Congresswoman Pramila Jayapal of Washington said Harris’s power comes not just from her life experience, but also from the people she already represents. California is the most populous and most diverse state in the nation; almost 40% of the people are Latino and 15% are Asian. In Congress, Harris and Jayapal have teamed up on bills to ensure legal representation for Muslims targeted by Trump’s 2017 travel ban and to extend rights to domestic workers.

“That’s the kind of politics that also happens when there are voices like ours at the table,” said Jayapal, who in 2016 was the first South Asian woman elected to the US House of Representatives. Harris won the Senate election that same year.

Harris’s mother raised her daughters with the understanding that the world would view them as black women, Harris said, and that’s how she describes herself today.

She attended Howard University, one of the nation’s historically black universities, and became engaged to Alpha Kappa Alpha, the nation’s first sorority created by and for black women. He campaigned regularly in the HBCUs and tried to address the concerns of young black men and women eager to go to great lengths to dismantle systemic racism.

His victory could bring more black women and people of color into politics.

San Francisco Mayor London Breed, who considers Harris a mentor, views Harris’s success through the lens of his own identity as the granddaughter of a sharecropper.

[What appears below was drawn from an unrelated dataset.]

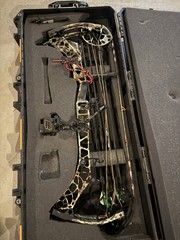 Mathews V3 RH, Pelican case, Brand New Strings, VAP TKO Arrows, and More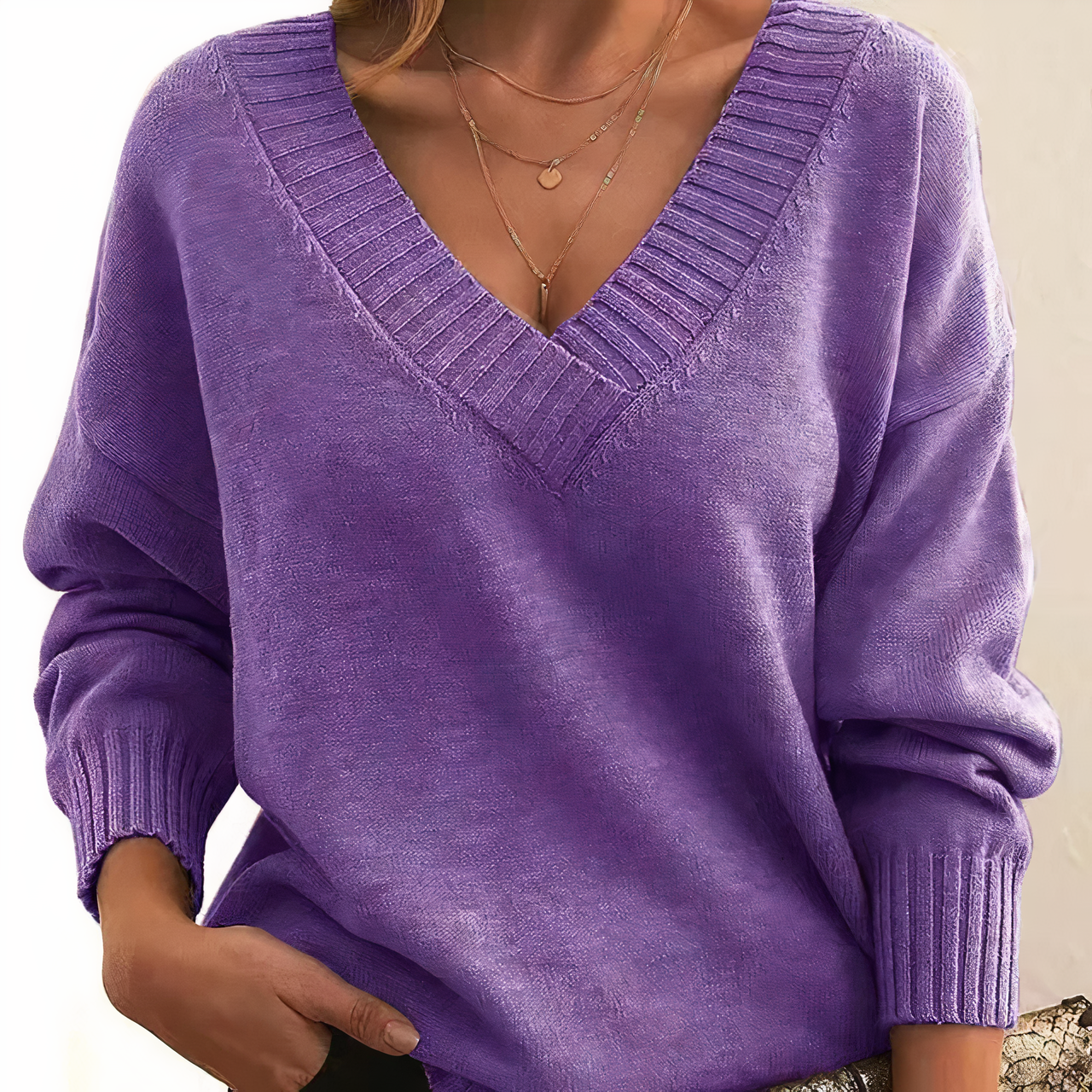 "Elegante kasjmier V-hals trui voor dames, warme beige kleur, combineert stijl met comfort, luxe uitstraling, tijdloos ontwer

“African Americans are not too far from slavery and the horrors of racism in this country, and we are still feeling the impacts of that with the way they treat us and what is happening around this racial uprising,” he said. Harris’s candidacy “instills a lot of pride and a lot of hope and a lot of excitement in what is possible.”

Harris is married to a Jewish man, Doug Emhoff, whose children from a previous marriage call her “Momala.” Enthusiasm for her candidacy extends to women of all races.

Friends Sarah Lane and Kelli Hodge, each with three daughters, brought the six girls to a Harris rally in Phoenix in the final days of the race. “This car is full of girls who dream big. Come on Kamala! read a poster taped to the trunk of the car.

Lane, a 41-year-old attorney of Hispanic and Asian descent, volunteered for Biden and Harris, her first time working for a political campaign. When asked why she brought her daughters, ages 6, 9 and 11, to see Harris, she replied, “I want my daughters to see what women can do.”